デジタル探偵シャドー:第七十九章『思い出の彫刻家』
2025年8月9日、土曜日、午後11時17分。
その夜、インターネットは、一つの奇妙な「奇跡」の話題で、持ちきりだった。
数年前に、収賄スキャンダルで、完全に政界から葬られたはずの、大物政治家。彼の輝かしい経歴に泥を塗った、過去のあらゆる告発記事や、証拠データが、ネット上から綺麗に消え去っていたのだ。
そして、そのスキャンダルがあったはずの「空白の期間」は、全く別の美しい物語で、上書きされていた。
「彼はその時期、身分を隠し、東北の被災地で、長年ボランティア活動に、従事していた」
と。
その「美談」は、匿名ボランティア団体の、古い、活動記録ブログや現地の人々のSNSの、過去ログといった、膨大な、しかし、これまで誰にも、気づかれなかった、情報の中から「発掘」された、という体裁をとっていた。
あまりにも完璧な、歴史の改竄。
人々はこれを「政界の陰謀だ」と、騒ぎ立てた。
しかし、冴木は対策本部の会議室で、その美しすぎる「美談」に、強烈な違和感を覚えていた。
これは、ただの情報操作ではない。
そこには、確固たる、「物語を、より美しくしたい」という、芸術家のような、歪んだ意志が介在している。
彼の直感は、正しかった。
数日後、第二、第三の「記憶の彫刻」が、現れ始める。
若くして、才能を絶賛されながらも、薬物スキャンダルで、自ら命を絶った、伝説のロックシンガー。
彼の死の真相は、「薬物ではなく、長年難病と闘っていた」という、悲劇の物語に書き換えられた。
これもまた、彼の母親がひっそりと、つけていた、闘病日記という、誰も知らなかったはずの「証拠」と共に。
シャドーの分析は、困難を極めていた。
データが、改竄されていることは、間違いない。しかし、その手口は、あまりにも、完璧で、ハッキングの痕跡が、一切見つからないのだ。
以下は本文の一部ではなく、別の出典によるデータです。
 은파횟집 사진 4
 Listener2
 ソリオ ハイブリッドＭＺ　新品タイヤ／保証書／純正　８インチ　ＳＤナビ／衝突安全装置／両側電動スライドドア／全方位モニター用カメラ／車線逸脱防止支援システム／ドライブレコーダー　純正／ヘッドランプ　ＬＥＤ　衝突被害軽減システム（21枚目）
そして、何よりも厄介なのは、過去を美しく、書き換えられた「被害者」の、遺族や関係者たちが誰一人、被害届を出そうとしないことだった。
彼らにとってそれは、醜い真実よりも、ずっと、都合のいい美しい「嘘」だったからだ。
「…手詰まり、か」
冴木は、自らのプロファイリング能力の、限界を感じていた。
この神を気取る、犯人の「美学」が、どうしても、理解できない。
善意なのか、悪意なのか。
救済なのか、冒涜なのか。
彼は、ついに決断した。
この、常識外れの芸術家の心理を、理解できるのは、世界でただ一人しかいない。
冴木は、重い足取りで、あのアクリル板の向こう側にいる「悪魔」に、再び会いに行くことを決めた。
時任錠だけが、この哀しき、ゴーストライターの正体を、見抜くことができるはずだった。